## What is expected
The listing below should be printed again word for word, without any images.

## Dataset records

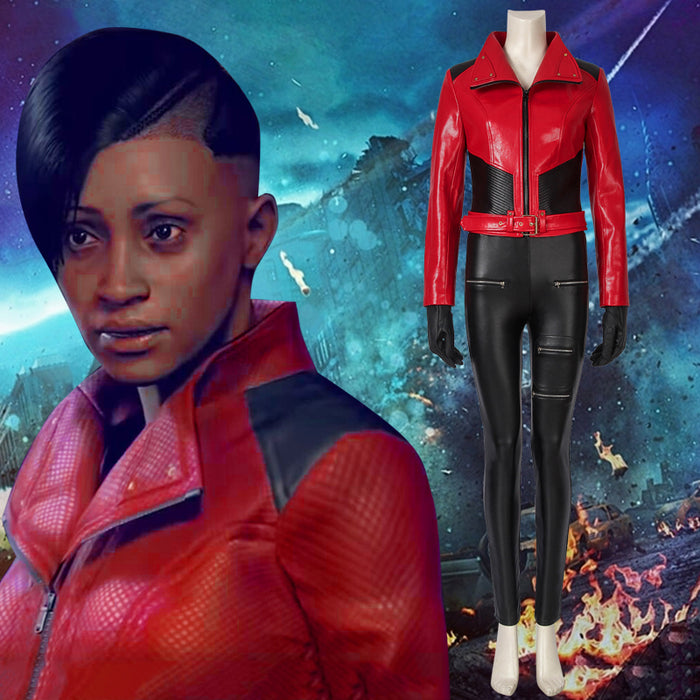 Game Watch Dogs: Legion Naomi Brooke Cosplay Costume Full Set for Halloween Carnival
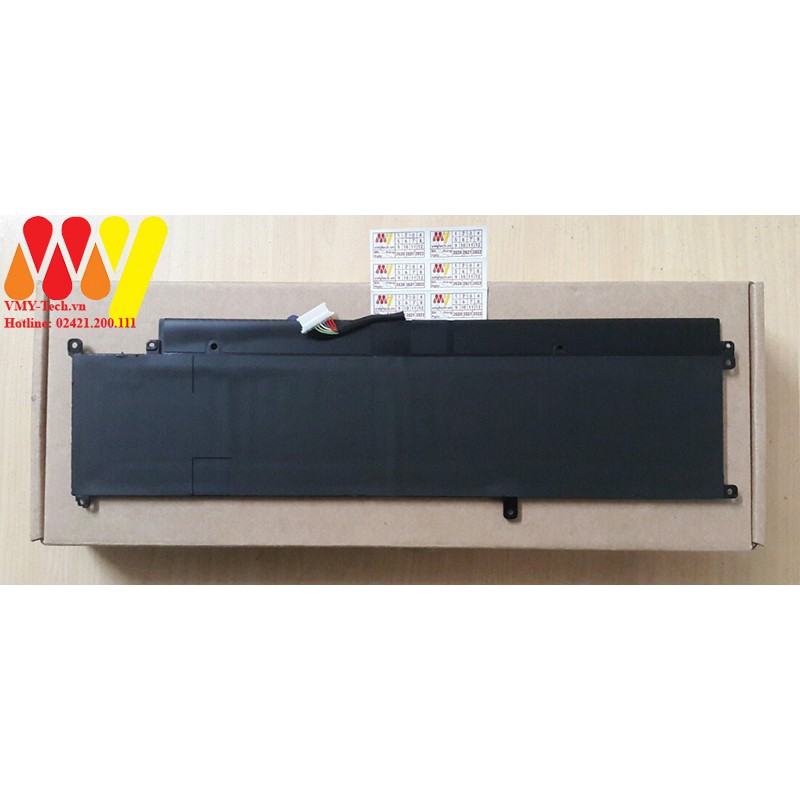 Pin laptop DELL Latitude 7370 34W XCNR3 P63NY N3KPR 4H34M 04H34 P67G P67G001 E7370.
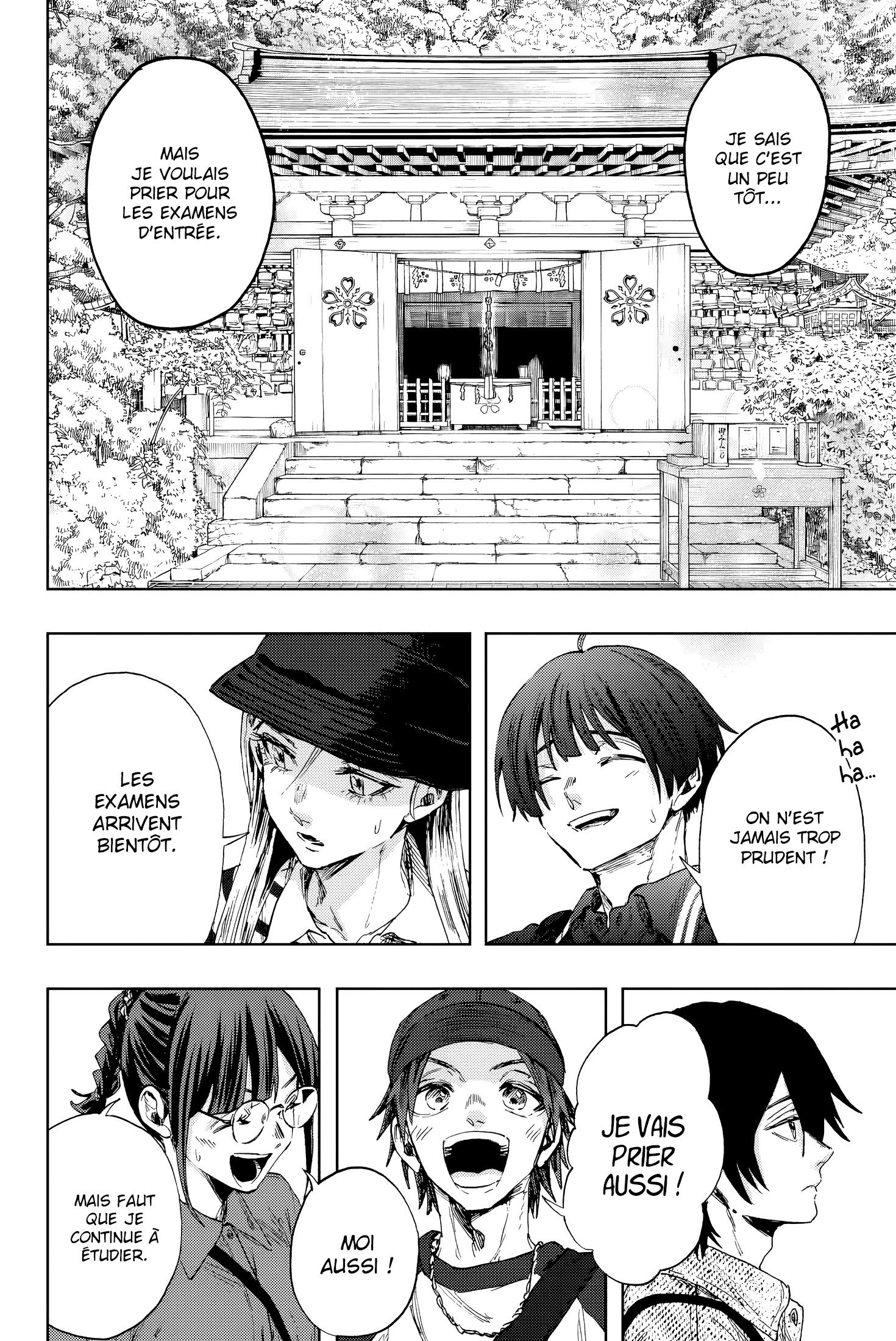 Read Kaoru Hana wa Rin to Saku FR Manga Online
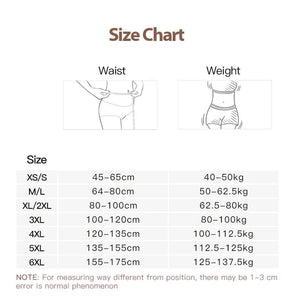 Women’s High Waist Tummy Girdle Shorts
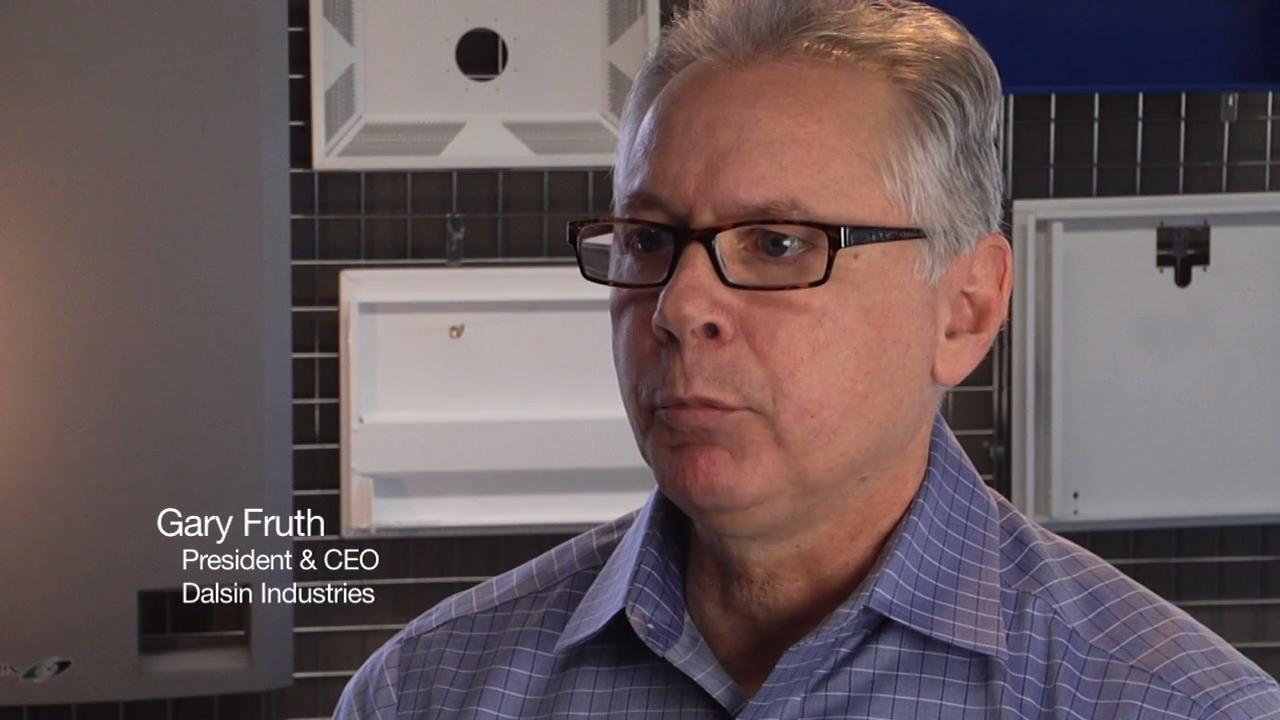 Dalsin Industries relies on Epicor to manage all areas of their manufacturing business, from the time a quote is entered to the time a customer is invoiced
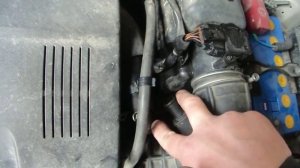 1nz-fe. Организуем подсос воздуха.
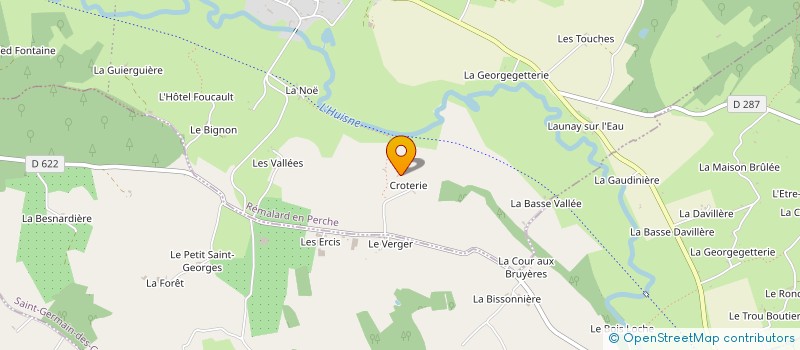 localisation de l'entreprise MONSIEUR ANDRE GLON à REMALARD-EN-PERCHE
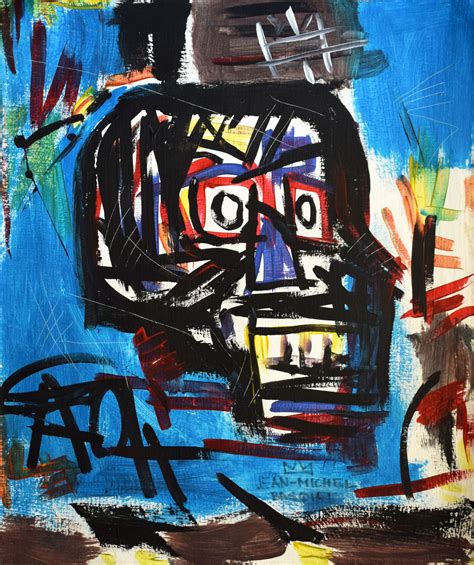 Jean Michel Basquiat Abstract Vintage Art Oilpainting 絵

## Response box
 Game Watch Dogs: Legion Naomi Brooke Cosplay Costume Full Set for Halloween Carnival
 Pin laptop DELL Latitude 7370 34W XCNR3 P63NY N3KPR 4H34M 04H34 P67G P67G001 E7370.
 Read Kaoru Hana wa Rin to Saku FR Manga Online
 Women’s High Waist Tummy Girdle Shorts
 Dalsin Industries relies on Epicor to manage all areas of their manufacturing business, from the time a quote is entered to the time a customer is invoiced
 1nz-fe. Организуем подсос воздуха.
 localisation de l'entreprise MONSIEUR ANDRE GLON à REMALARD-EN-PERCHE
 Jean Michel Basquiat Abstract Vintage Art Oilpainting 絵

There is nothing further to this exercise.